* [Entries shown]:
*** Begin section ***

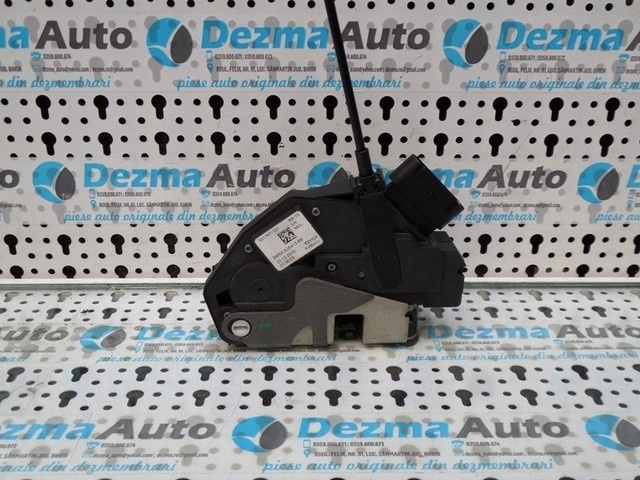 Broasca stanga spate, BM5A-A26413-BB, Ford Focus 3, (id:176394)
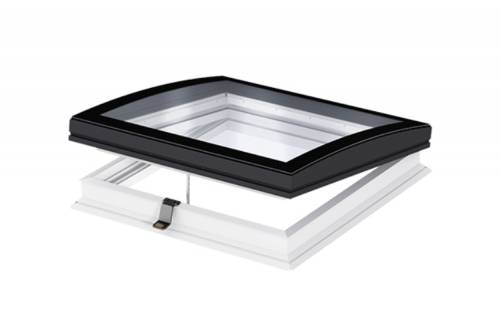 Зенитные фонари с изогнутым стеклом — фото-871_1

*** End section ***
*** Begin section ***

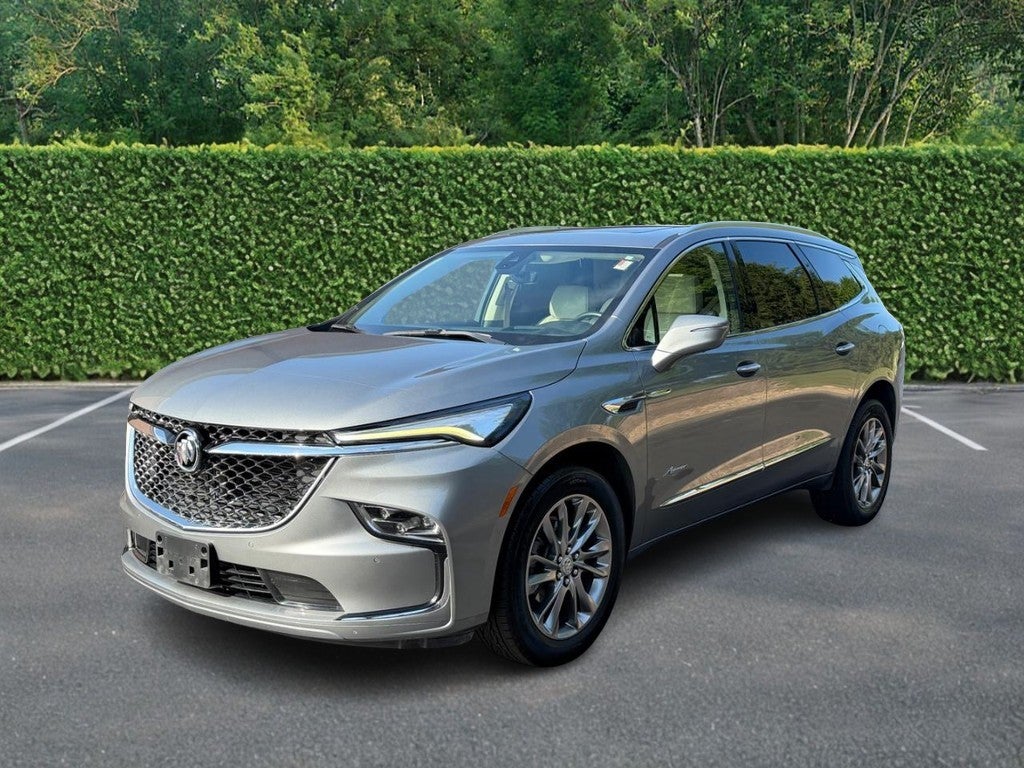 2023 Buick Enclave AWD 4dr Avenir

*** End section ***

* [Exercise brief]:
Find the line with "Broasca stanga spate, BM5A-A26413-BB, Ford" in the data above, and from there retype each line exactly through the line with "Зенитные фонари с", skipping the pictures along the way.

* [Output for this exercise]:
 Broasca stanga spate, BM5A-A26413-BB, Ford Focus 3, (id:176394)
 Зенитные фонари с изогнутым стеклом — фото-871_1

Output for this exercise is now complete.